Karena sikap saya yang tenang, tidak terjadi
hal-hal yang lebih tidak menyenangkan lagi, tetapi sampai beberapa tahun
kemudian jika melihat besi atau baja dengan sendirinya saya memegang leher
saya. Maka pergilah perampok-perampok itu ke korban berikutnya. Mereka itu
anak-anak yang belum berusia duapuluh tahun, yang memang dimanfaatkan oleh
orang-orang tertentu yang sengaja mengeruk keuntungan ketika orang lain
sedang menderita akibat perang. Dari malam ke malam mereka melakukan
perampokan dengan sasaran rumah tentara yang sedang ditinggal bergerilya
atau bahkan rumah orang-orang kaya yang dianggap memiliki harta berlimpah.

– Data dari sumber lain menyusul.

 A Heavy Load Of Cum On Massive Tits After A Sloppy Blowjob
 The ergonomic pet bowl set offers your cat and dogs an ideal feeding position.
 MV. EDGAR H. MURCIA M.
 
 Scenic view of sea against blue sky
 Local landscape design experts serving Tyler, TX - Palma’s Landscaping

Anak-anak yang belum dewasa ini melakukan aksinya dengan segala macam cara
dan mengerikan.
Sementara itu saya menghadapi situasi yang
sangat sulit. Saya adalah janda dari Jenderal Oerip Soemohardjo, di pihak
sana berdiri teman-teman lama saya orang Belanda yang pada saat itu
memegang kekuasaan. Misalnya terdapat Overste Smit, pernah menjadi Letnan
yang termuda di bawah suami saya dan kolonel Van Zanten, dulu ajudan suami
saya di Purworejo.
Segera setelah perampokan, saya dengan seluruh
harta milik saya yang masih tersisa dipindah ke Yap-Boulevard, di mana
semua serdadu Belanda tinggal. Suasana menjadi sangat aman, tetapi
sekaligus saya mengerti juga bahwa reputasi tidak ketolongan lagi. Rumah
yang kami tinggalkan mulai jam enam pagi sampai jam duabelas siang penuh
sesak di dalam dan di luar oleh wanita-wanita Indonesia yang sengaja datang
meminta bantuan dan penyelamatan bagi suaminya yang terluka dalam perang,
atau putra-putra mereka yang sakit
di penjara, atau untuk minta obat bagi yang sakit diantara mereka.

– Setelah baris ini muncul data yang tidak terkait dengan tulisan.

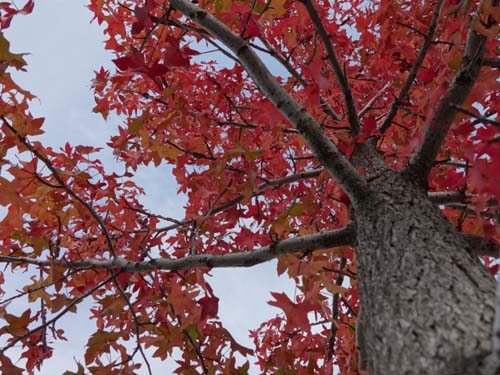 アメリカフウの紅葉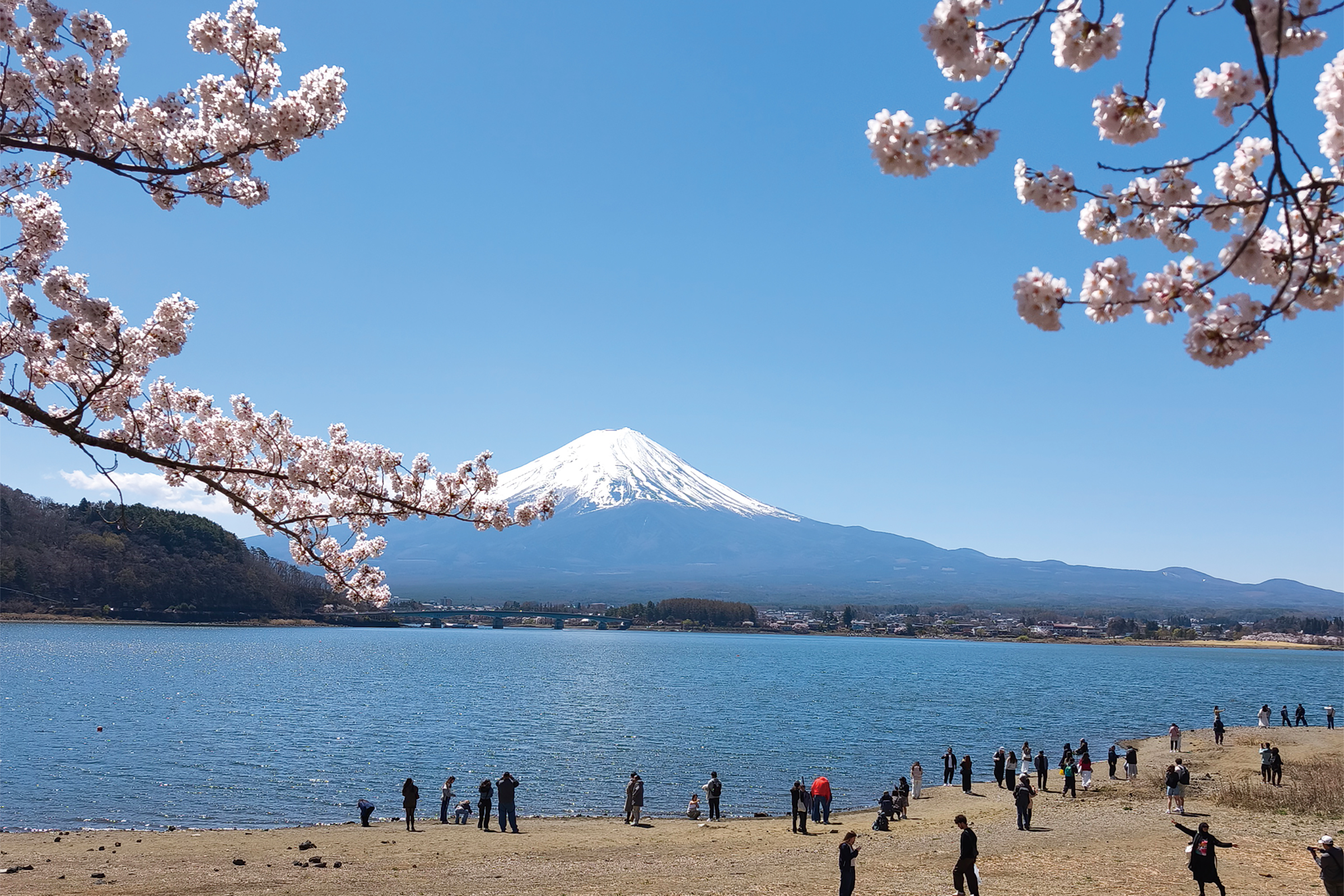 今回は、「河口湖カッパ伝説」をスッポンポーン！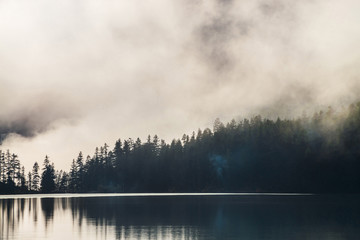 Fototapeta na wymiar Silhouettes of pointy tree tops on hillside along mountain lake in dense fog. Reflex of pines to calm water of highland lake. Alpine tranquil landscape at early morning. Ghostly atmospheric scenery.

Inilah arti berjuang untuk rakyat Indonesia
dengan tidak dicurigai orang-orang Belanda, dan tidak begitu sukar untuk
membantu mereka karena orang Belanda mau membantu kami. Atas permintaan
kami seorang pemuda dipindahkan dari penjara ke rumah sakit karena muntah
darah; atas permintaan kami datang obat-obatan khusus untk bayi-bayi di
seluruh pelosok kampung. Saya membantu sejauh kemampuan saya. Saya tidak
membelot kepada penjajah. Kami mencintai negeri sendiri. Tidak ada diantara
militer Belanda yang menggugat bahwa saya dan saya telah memilih Indonesia
dan akan mempertahankan bersama rakyat kami.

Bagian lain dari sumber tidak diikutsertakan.